→ Records shown:
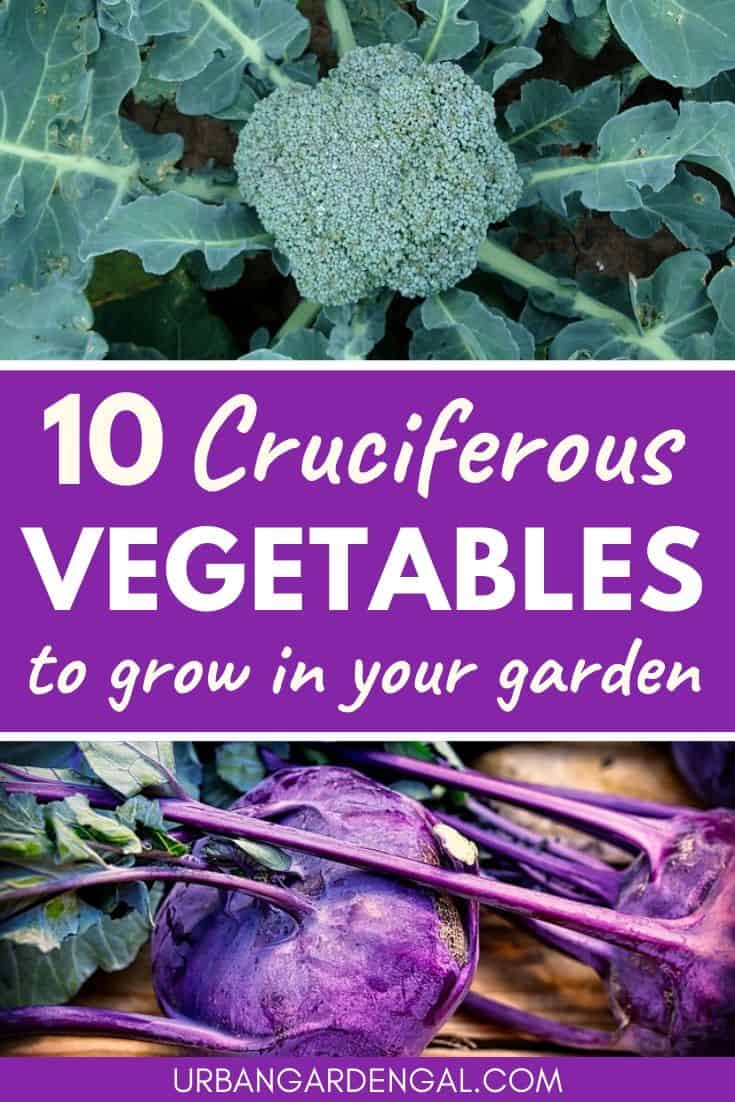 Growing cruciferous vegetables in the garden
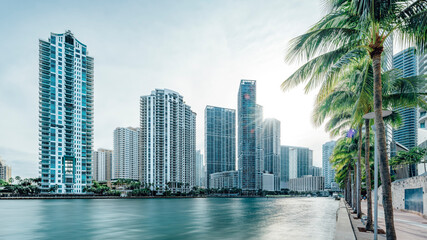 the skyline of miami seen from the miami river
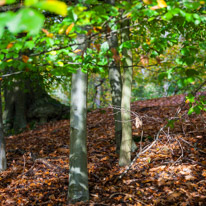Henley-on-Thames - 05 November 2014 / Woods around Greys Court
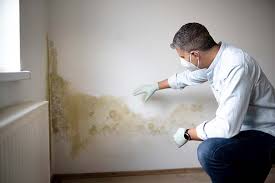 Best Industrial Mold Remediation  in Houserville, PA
...
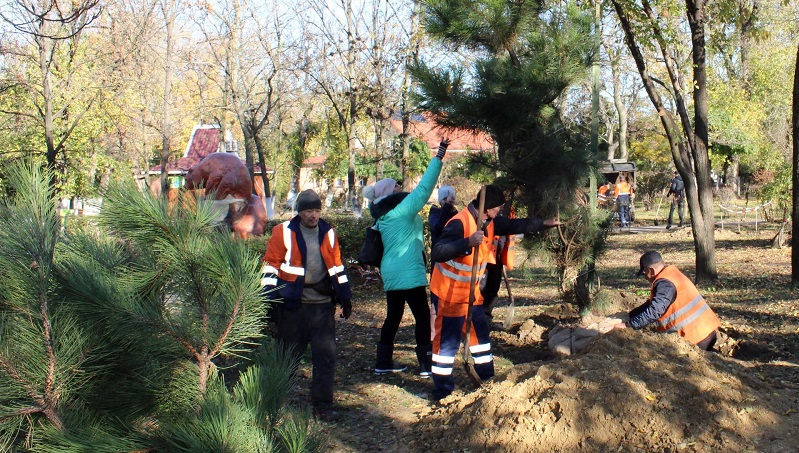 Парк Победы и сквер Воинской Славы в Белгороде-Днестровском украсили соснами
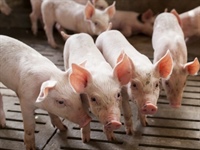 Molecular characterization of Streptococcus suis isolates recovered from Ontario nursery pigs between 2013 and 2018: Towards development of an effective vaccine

→ Task statement: No picture is to be printed. Output exactly the lines above from the line containing "Парк Победы и" through the line containing "Molecular characterization of".

→ Response to this exercise:
 Парк Победы и сквер Воинской Славы в Белгороде-Днестровском украсили соснами
 Molecular characterization of Streptococcus suis isolates recovered from Ontario nursery pigs between 2013 and 2018: Towards development of an effective vaccine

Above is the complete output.